Puisi adalah salah satu bentuk karya sastra yang ditulis dengan diksi indah untuk menyampaikan emosi maupun perasaan. Puisi berasal dari bahasa Yunani, yaitu "pocima" atau "poieo". Kedua kata tersebut mempunyai arti penyusunan atau kreasi.
Sayuti dalam Hakikat, Ciri, dan Fungsi Puisi menyebutkan bahwa puisi telah ada sejak zaman dahulu sebagai bentuk karya sastra lama dan disampaikan secara lisan. Dalam perkembangannya, puisi ditulis dengan berbagai jenis tergantung kreativitas penulisnya.
Untuk mengetahui informasi lebih lanjut mengenai asal kata puisi dan fungsinya dalam artikel berikut.
Asal Kata Puisi
Puisi adalah jenis karya sastra lama yang ditulis sebagai wadah untuk mengekspresikan diri dalam bentuk imajinasi, keresahan, pengalaman, nasihat, kesenangan, maupun pemikiran. Puisi berasal dari bahasa Yunani, yaitu "pocima" dan "poieo" yang artinya penyusunan atau kreasi.
Jadi, manusia menjadi makhluk yang menyusun serta mengkreasikan puisi. Penulisan puisi umumnya mengandung unsur rima, irama, lirik, diksi, serta menggunakan kata kiasan untuk menunjukkan estetika bahasa.
Fungsi Puisi
Sebagai karya sastra lama, puisi adalah wadah penting bagi para penyair untuk mengekspresikan perasaannya. Adapun beberapa fungsi puisi adalah:
Sebagai wadah untuk mengekspresikan perasaan, emosi, pengalaman, kritik, maupun imajinasi.

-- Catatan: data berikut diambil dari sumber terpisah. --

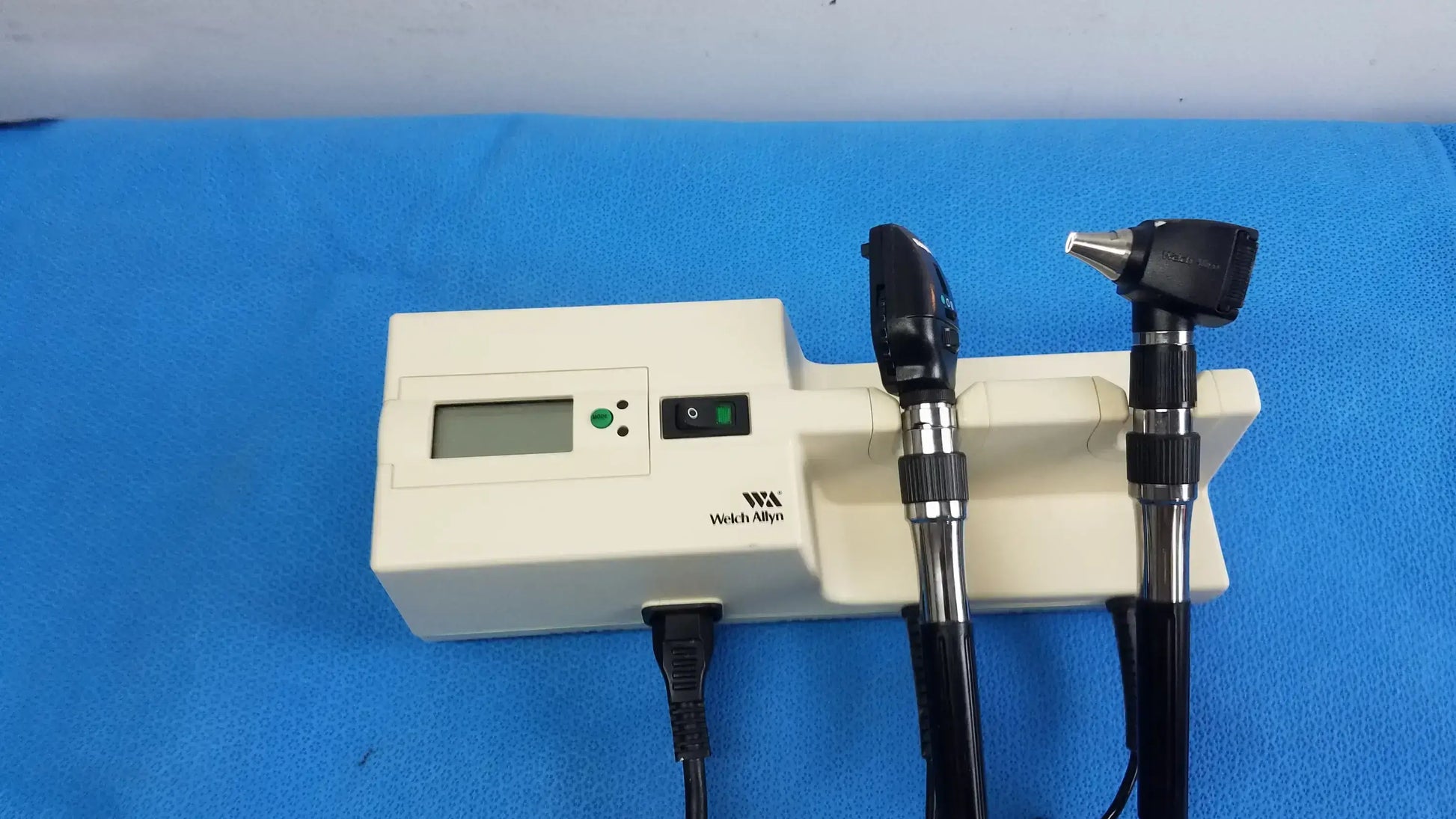 Welch Allyn 767 Series Wall Transformer With Otoscope & Ophthalmoscope Heads Wall Transformer, second-hand product photo 1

Biasanya, puisi ditulis penyair untuk mengungkapkan perasaannya yang sulit diutarakan dengan bahasa sehari-hari.
Beberapa negara menganggap puisi selayaknya kitab suci untuk menjaga kehidupan.
Membawa keindahan dengan elemen alam dan menempatkan manusia selaku subjek utamanya.
Memperluas wawasan pembaca serta mencerminkan kebenaran.
Mengeksplorasi manusia sebagai fokus utama budaya dengan berbagai permasalahannya.
Unsur-unsur Pembentuk Puisi
Terdapat beberapa unsur pembentuk puisi yang memengaruhi keindahannya. Adapun jenis unsur-unsur pembentuk puisi adalah:
1. Unsur Intrinsik
Unsur intrinsik adalah unsur dari dalam yang memengaruhi terbentuknya suatu puisi. Adapun beberapa contoh unsur intrinsik puisi adalah:
Diksi atau pilihan kata.
Majas atau gaya bahasa.
Imaji atau bayangan, seperti imajinasi auditif, visual, maupun taktil.
Pengulangan bunyi atau rima.
Bunyi atau penggunaan kata-kata untuk memunculkan efek tertentu.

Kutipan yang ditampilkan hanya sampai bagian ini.